Stored records:
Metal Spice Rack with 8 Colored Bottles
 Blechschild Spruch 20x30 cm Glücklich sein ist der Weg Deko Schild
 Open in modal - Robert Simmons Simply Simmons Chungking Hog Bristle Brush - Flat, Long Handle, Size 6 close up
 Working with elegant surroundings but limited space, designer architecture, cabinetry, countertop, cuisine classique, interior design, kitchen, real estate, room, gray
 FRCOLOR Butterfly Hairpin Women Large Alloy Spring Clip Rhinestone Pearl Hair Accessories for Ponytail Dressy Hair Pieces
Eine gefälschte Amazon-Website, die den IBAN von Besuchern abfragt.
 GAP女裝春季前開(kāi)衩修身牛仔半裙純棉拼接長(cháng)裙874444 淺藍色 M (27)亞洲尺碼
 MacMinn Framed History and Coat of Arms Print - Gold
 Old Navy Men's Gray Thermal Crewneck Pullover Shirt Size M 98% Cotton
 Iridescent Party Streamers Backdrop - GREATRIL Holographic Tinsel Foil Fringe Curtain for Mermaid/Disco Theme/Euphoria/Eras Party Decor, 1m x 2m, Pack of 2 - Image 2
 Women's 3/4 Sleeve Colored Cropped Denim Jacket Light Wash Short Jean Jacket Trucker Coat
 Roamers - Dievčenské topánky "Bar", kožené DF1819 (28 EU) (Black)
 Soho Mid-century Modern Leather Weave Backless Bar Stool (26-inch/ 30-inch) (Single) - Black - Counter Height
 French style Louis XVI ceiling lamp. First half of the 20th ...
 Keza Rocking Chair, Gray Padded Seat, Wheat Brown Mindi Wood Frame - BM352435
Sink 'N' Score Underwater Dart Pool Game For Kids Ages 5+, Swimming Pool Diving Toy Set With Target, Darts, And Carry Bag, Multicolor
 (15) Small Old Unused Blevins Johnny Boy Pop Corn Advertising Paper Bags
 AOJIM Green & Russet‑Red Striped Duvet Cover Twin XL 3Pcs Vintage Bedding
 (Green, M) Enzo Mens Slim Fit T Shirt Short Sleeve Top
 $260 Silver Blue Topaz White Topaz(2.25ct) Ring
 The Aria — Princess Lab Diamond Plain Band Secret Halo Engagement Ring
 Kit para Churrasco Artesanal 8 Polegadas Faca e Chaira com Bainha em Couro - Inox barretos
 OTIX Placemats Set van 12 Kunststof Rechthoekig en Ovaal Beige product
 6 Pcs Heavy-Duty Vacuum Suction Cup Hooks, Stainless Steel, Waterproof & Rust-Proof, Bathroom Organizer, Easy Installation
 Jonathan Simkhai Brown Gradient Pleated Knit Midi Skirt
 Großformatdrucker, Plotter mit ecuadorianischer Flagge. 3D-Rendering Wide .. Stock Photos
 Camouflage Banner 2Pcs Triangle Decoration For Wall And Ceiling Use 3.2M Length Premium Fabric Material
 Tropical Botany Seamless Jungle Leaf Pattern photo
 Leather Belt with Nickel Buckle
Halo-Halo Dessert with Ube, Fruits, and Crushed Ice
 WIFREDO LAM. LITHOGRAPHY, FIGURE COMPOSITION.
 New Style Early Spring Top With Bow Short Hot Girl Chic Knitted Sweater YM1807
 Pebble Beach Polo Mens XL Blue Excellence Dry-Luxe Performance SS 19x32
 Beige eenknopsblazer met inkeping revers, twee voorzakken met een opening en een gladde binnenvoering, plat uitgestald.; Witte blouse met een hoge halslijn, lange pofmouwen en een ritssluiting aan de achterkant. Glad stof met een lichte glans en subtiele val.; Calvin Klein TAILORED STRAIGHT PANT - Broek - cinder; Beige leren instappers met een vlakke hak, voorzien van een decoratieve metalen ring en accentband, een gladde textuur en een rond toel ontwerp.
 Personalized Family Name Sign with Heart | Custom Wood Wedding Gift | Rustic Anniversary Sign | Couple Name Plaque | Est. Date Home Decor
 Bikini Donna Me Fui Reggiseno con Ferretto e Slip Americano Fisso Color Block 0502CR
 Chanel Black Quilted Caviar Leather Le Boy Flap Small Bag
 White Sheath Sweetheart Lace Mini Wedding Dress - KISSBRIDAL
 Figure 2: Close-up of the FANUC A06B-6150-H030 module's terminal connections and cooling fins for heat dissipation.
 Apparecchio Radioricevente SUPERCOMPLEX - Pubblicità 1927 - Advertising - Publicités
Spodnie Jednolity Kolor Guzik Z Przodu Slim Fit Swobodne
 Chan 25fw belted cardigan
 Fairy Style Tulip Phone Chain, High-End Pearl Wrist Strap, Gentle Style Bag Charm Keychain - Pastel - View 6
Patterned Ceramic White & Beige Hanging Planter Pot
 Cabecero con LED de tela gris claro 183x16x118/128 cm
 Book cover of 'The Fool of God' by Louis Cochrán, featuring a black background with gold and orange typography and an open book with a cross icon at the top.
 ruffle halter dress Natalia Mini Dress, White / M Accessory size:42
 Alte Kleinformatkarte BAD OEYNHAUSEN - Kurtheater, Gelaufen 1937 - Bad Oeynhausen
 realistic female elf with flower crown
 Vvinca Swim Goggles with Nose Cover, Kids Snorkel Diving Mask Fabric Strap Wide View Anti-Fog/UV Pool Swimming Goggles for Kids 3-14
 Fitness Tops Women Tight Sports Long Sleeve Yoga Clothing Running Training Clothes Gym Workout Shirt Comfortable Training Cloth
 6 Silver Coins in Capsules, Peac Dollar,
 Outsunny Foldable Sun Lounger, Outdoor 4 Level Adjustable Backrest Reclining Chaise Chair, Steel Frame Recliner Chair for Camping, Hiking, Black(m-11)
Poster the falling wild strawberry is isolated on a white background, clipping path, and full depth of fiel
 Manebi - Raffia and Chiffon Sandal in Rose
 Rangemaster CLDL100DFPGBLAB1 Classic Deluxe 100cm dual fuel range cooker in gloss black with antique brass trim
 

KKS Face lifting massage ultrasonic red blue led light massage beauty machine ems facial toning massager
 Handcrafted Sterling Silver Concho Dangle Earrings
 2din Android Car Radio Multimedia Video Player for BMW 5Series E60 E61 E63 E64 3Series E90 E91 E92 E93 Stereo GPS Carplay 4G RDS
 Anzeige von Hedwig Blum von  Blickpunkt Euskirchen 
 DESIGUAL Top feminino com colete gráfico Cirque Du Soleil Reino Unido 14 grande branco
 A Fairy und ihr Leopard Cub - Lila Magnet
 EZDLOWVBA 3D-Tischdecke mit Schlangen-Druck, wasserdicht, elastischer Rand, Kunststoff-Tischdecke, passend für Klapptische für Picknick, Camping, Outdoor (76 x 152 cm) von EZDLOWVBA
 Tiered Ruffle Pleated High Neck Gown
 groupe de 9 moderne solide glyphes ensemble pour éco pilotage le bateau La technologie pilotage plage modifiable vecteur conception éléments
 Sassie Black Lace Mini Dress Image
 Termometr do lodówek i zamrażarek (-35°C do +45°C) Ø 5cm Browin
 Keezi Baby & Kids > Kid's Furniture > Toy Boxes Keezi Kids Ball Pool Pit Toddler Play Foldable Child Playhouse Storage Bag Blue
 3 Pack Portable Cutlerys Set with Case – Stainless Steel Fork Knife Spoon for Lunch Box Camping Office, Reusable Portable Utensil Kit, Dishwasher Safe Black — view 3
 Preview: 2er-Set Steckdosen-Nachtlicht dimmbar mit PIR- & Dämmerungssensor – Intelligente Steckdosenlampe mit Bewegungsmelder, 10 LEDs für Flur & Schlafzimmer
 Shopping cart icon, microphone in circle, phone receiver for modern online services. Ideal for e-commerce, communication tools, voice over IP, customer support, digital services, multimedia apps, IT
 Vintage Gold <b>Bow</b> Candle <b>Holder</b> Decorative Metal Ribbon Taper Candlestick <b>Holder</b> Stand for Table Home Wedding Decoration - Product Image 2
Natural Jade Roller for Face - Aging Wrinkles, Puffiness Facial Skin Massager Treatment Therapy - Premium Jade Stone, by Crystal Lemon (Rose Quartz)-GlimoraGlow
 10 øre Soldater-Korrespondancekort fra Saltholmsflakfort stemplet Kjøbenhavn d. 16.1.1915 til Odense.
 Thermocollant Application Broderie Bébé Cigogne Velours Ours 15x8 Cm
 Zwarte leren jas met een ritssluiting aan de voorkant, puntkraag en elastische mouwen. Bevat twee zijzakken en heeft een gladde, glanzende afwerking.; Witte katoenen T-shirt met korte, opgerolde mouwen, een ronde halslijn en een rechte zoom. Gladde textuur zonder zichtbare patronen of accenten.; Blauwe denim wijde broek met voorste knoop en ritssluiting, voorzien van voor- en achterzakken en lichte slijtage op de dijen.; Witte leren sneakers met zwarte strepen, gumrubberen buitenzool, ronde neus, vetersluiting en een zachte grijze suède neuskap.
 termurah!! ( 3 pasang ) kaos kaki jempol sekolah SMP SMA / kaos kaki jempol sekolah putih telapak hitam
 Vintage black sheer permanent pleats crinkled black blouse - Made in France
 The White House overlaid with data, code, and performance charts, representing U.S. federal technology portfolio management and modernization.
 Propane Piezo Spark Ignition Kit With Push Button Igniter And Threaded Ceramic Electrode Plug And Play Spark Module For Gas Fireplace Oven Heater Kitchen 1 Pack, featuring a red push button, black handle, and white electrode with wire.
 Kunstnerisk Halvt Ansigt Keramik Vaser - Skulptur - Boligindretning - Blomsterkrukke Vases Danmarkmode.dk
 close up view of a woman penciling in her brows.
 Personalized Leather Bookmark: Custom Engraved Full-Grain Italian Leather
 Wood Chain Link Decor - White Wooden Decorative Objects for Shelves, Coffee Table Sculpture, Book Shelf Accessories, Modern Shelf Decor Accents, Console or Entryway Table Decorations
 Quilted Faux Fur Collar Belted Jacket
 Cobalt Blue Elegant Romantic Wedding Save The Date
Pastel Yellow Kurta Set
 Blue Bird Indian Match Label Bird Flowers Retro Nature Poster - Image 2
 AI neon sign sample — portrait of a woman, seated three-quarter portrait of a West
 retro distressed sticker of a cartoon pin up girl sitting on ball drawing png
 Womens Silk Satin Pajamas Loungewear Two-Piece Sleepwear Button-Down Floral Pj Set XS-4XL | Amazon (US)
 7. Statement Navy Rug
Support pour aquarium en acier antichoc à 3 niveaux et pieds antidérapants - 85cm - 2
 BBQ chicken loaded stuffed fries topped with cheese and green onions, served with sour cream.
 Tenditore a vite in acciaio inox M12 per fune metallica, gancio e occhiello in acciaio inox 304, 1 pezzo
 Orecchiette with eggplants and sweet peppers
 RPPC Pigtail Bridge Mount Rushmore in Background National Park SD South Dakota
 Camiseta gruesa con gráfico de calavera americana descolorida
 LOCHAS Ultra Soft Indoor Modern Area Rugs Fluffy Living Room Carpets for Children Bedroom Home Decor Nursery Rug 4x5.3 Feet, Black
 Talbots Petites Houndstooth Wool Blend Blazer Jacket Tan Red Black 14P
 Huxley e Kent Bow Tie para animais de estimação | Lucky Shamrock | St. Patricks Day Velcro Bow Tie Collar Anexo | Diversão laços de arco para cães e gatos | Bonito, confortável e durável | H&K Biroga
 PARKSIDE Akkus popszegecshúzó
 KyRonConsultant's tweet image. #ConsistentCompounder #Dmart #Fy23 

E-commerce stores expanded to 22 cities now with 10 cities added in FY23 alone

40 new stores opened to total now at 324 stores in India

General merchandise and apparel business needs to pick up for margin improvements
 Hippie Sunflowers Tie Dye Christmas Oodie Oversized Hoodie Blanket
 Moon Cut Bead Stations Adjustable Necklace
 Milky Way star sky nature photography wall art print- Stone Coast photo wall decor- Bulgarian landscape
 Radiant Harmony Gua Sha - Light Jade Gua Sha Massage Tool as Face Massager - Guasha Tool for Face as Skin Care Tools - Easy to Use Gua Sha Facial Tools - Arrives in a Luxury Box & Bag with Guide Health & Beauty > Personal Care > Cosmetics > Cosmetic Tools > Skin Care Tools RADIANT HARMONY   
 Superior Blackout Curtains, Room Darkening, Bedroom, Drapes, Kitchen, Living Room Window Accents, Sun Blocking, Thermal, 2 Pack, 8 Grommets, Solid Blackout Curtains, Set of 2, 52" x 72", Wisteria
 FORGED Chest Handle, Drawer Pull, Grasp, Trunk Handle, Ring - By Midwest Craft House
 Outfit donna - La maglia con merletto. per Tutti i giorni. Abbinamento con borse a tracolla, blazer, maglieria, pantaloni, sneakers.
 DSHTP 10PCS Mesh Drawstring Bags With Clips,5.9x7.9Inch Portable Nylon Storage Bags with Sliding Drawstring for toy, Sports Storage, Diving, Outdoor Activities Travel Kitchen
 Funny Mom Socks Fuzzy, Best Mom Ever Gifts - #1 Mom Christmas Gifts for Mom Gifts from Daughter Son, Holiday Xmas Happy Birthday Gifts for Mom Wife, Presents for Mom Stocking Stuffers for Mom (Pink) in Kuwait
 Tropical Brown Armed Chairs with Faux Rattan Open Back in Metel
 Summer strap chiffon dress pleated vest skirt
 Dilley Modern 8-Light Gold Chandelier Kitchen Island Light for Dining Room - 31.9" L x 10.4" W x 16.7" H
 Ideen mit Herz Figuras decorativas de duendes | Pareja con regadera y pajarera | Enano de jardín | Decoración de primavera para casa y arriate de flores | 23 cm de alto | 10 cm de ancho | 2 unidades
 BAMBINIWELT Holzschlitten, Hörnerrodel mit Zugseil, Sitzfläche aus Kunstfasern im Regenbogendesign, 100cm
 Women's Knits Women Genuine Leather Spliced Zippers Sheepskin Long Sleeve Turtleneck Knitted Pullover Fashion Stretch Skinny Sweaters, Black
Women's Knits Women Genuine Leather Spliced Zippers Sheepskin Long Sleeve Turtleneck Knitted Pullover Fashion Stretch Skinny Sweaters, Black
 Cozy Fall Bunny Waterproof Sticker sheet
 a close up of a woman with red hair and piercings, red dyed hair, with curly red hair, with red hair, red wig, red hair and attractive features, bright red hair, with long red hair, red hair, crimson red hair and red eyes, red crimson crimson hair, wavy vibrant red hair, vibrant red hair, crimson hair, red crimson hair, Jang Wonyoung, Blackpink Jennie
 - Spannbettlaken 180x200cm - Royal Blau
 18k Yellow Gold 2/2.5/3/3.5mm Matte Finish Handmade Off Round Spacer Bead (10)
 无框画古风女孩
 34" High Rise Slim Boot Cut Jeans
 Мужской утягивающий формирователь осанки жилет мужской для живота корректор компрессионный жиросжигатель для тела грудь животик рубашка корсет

Action item — Reproduce the lines above, beginning at the line with "BBQ chicken loaded" and stopping after the line with "General merchandise and", exactly as they are.

Exercise output —
 BBQ chicken loaded stuffed fries topped with cheese and green onions, served with sour cream.
 Tenditore a vite in acciaio inox M12 per fune metallica, gancio e occhiello in acciaio inox 304, 1 pezzo
 Orecchiette with eggplants and sweet peppers
 RPPC Pigtail Bridge Mount Rushmore in Background National Park SD South Dakota
 Camiseta gruesa con gráfico de calavera americana descolorida
 LOCHAS Ultra Soft Indoor Modern Area Rugs Fluffy Living Room Carpets for Children Bedroom Home Decor Nursery Rug 4x5.3 Feet, Black
 Talbots Petites Houndstooth Wool Blend Blazer Jacket Tan Red Black 14P
 Huxley e Kent Bow Tie para animais de estimação | Lucky Shamrock | St. Patricks Day Velcro Bow Tie Collar Anexo | Diversão laços de arco para cães e gatos | Bonito, confortável e durável | H&K Biroga
 PARKSIDE Akkus popszegecshúzó
 KyRonConsultant's tweet image. #ConsistentCompounder #Dmart #Fy23 

E-commerce stores expanded to 22 cities now with 10 cities added in FY23 alone

40 new stores opened to total now at 324 stores in India

General merchandise and apparel business needs to pick up for margin improvements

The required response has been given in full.